DESCRIPTION OF THE TASK: Whenever a picture appears in the listing below, leave it out, and copy exactly the lines from the one containing "užtruks paruošti tankistus" through the end.

INFORMATION SHOWN:
════════════════
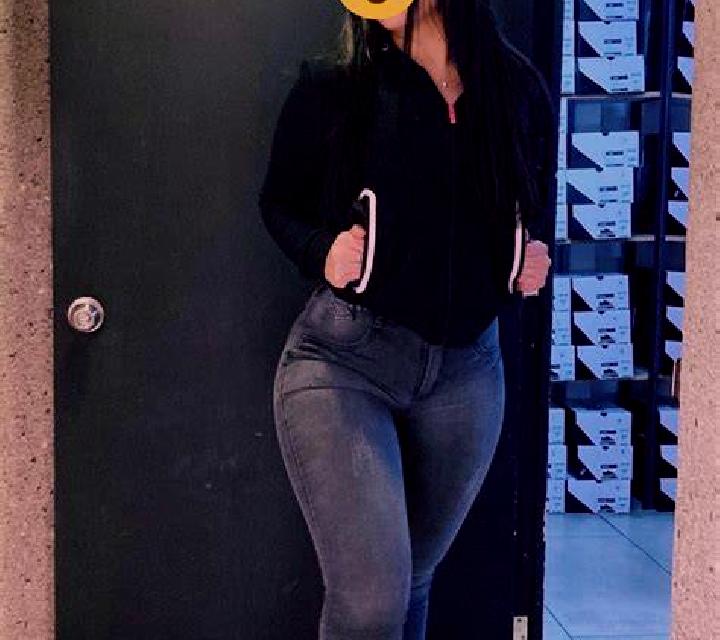 María Cabezon de Valderaduey escort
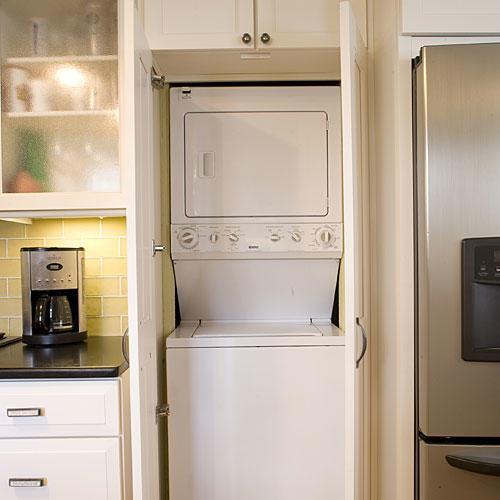 إخفاء the Laundry Room in Kitchen Cabinets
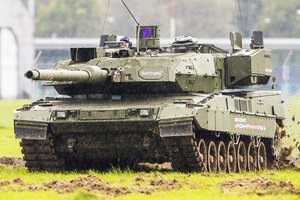 Kada „Leopard“ jau galės išriedėti į mūšio lauką? Įvertino, kiek užtruks paruošti tankistus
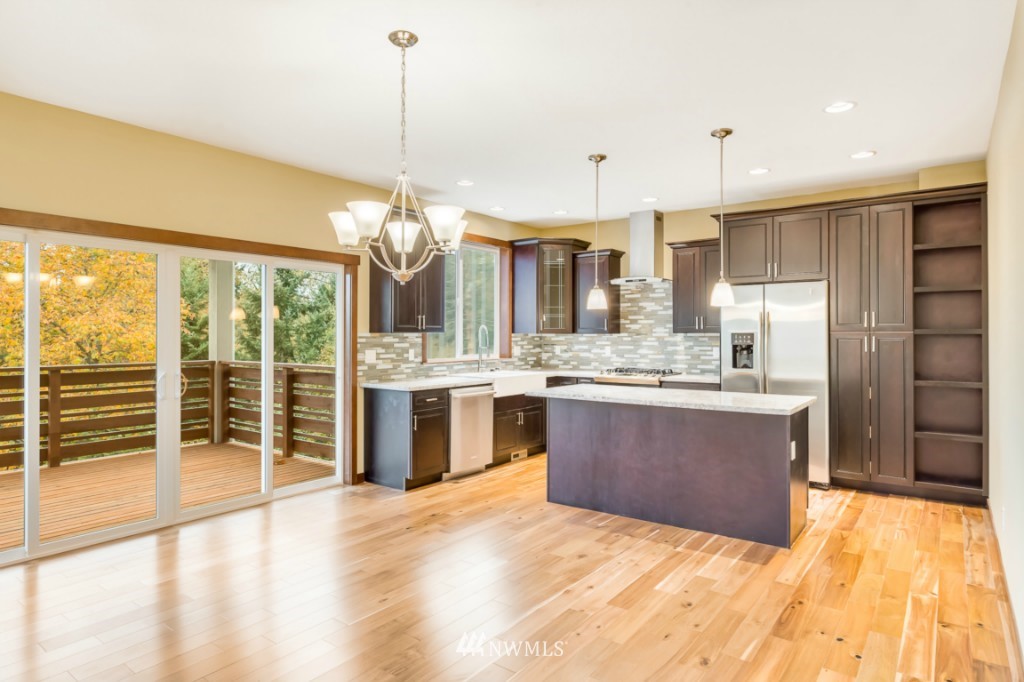 2012 Northeast 37th Place Renton, WA 98056 - Photo 4 of 22 Gallery Image 4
════════════════
RESPONSE TO THE TASK:
 Kada „Leopard“ jau galės išriedėti į mūšio lauką? Įvertino, kiek užtruks paruošti tankistus
 2012 Northeast 37th Place Renton, WA 98056 - Photo 4 of 22 Gallery Image 4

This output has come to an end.